As the Dallas Business Journal shares, Scott Beck and the Dallas-based family-owned company Beck Ventures acquired the majority of the property last year with the intention of transforming it into a corporate destination. Those plans are finally set to get underway, as the North Dallas shopping center is being demolished to make way for the initial $500 million phase of what will become part of a larger $4 billion mixed-use development that has been proposed by Beck Ventures.
“Today is a bittersweet moment,” Beck said at a ceremony marking the project’s milestone. “The mall has seen better times, and we are poised to breathe life into these grounds using a vastly different vision.”
The project is known as Dallas Midtown, and phase one alone sounds like more than enough to pack the people in. Plans call for over 200,000 square feet of retail and restaurant space on the ground-floor, a 10-screen, 600-seat Cinepolis luxury theater, an 18-story, 440-room luxury hotel, and 500,000 square feet of office space.

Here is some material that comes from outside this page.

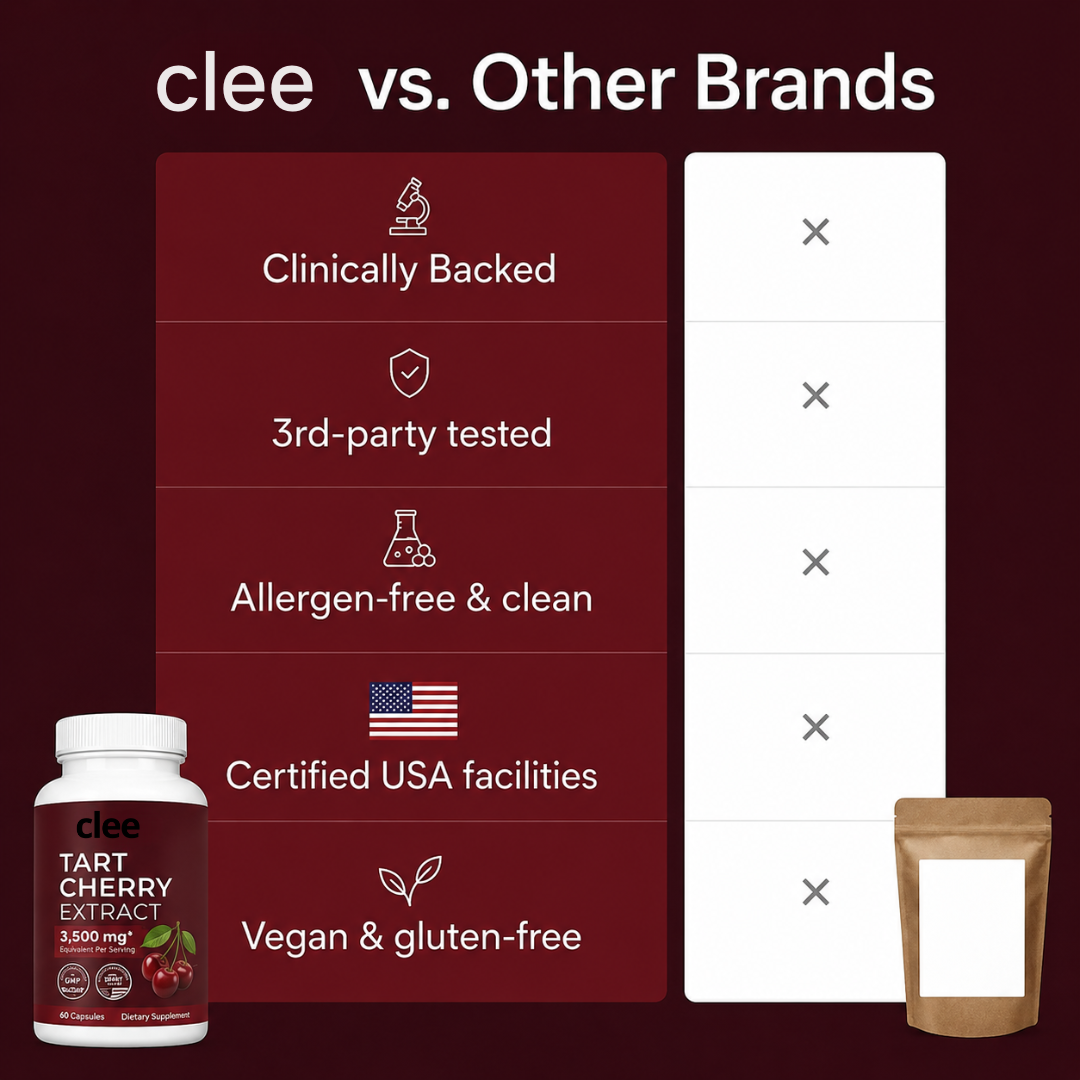 Clee™Tart Cherry Extract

Additionally, Lifetime Fitness plans to develop an 183,000-square-foot facility will include attached living spaces and 20,000 square feet of collaborative workspace.
“We are going to start work on the garage and then move to the anchors and mall area,” Beck added. “It’s really going to be a de-construction process.”
Texas Rep. Linda Koop has been a longtime advocate of the project, and she shared some thoughts on what this project is finally getting going means. “This will change the face of North Dallas,” she said. “This will have amenities we don’t often see in Dallas, not the least of which is the park that will be a centerpiece and drive people to come to this area much like Valley View mall when it was first built.”
We’ll concur with Koop, as it sounds like this stunning project will drive boatloads of traffic once phase one is completed.